University Park, Pa. -- This fall, Penn State University Libraries and the English Department will begin a yearlong pilot project with student groups using the Sony Reader Digital Book, a portable electronic reading device that can hold books, audio files and other downloaded materials.

Sony donated 100 of the devices to the libraries for the project that will test the utility of e-books in a higher education environment. The study will explore the potential of the Sony Readers in a variety of settings, including the libraries' leisure reading program, undergraduate and graduate classrooms, academic research projects and as a service for people with disabilities. 

While the Sony Reader Digital Book can hold more than 100 complete electronic books, in addition to personal and work files in formats such as Microsoft Word, Adobe PDF and others, it was originally designed for the broad consumer market, not the academic user community. According to Robin Schulze, head of the Department of English, "We want to be at the front end of this new technology and to help Sony's technology team create a product that will be useful for how our students work with literature."

Schulze and Stuart Selber, associate professor of English and director of composition, will work with undergraduate and graduate students in the Department of English to study how the Sony Readers can be effectively used in a research environment as well as the impact of such devices on the practice and experience of reading itself.

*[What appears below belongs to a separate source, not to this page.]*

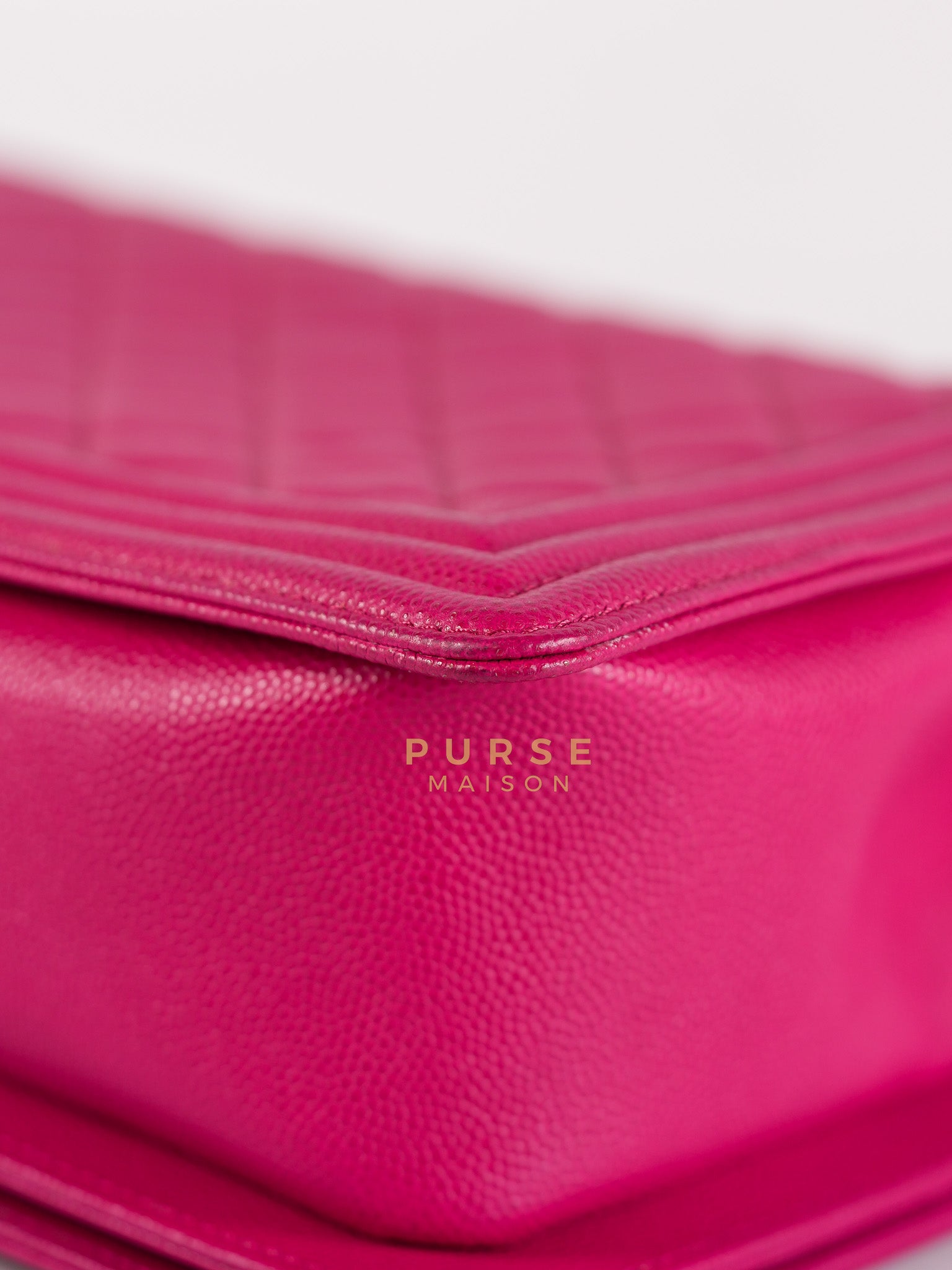 Le Boy New Medium in Pink Caviar Leather & Light Gold Hardware (Series 23) | Purse Maison Luxury Bags Shop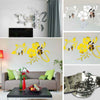 3D Mirror Flower Art Removable Wall Sticker Acrylic Mural Decal Home Room Decor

Anne Behler, information literacy librarian, and Binky Lush, database specialist, are heading the libraries' initiatives. During this fall semester, five Sony Readers will be available for borrowing in the Libraries' Course Reserve Reading Room, 113 Pattee Library, West. The readers will be loaded with titles from five categories: best-selling fiction, best-selling nonfiction, science fiction and fantasy, "books that are movies" and award winners. Each reader will have up to 15 books in the selected theme and can be borrowed for a month. As part of this initiative, patrons will have the opportunity to participate in a survey intended to help the libraries and Sony understand how people use the Sony Readers.

Behler said, "The Sony Reader and e-books have the potential to change everything from book acquisitions to the way patrons interact with library collections. It’s very exciting for the University Libraries to be at the forefront of this new, largely uncharted territory.”

Behler also will use the Sony Reader in the Libraries' first-year seminar class, which is designed to help freshmen develop key information literacy skills. During the fall semester, Sony Readers will be used in this class to provide access to current materials, with the aim of creating a more dynamic and engaging environment. Later in the academic year other groups will work with the Sony Readers, including Susan Hayya, head of Library Services for People with Disabilities.

"Libraries are moving rapidly towards the day when the majority of our collections will exist in electronic form," said Mike Furlough, assistant dean of Scholarly Communications. "But while readers love the convenience of online search, they have been resistant to reading full-length books in electronic form. By the end of the year, we hope to have a much better understanding of the ways that our students and faculty will want to use e-books — and when they won’t, so that we can develop our collections to fit their needs."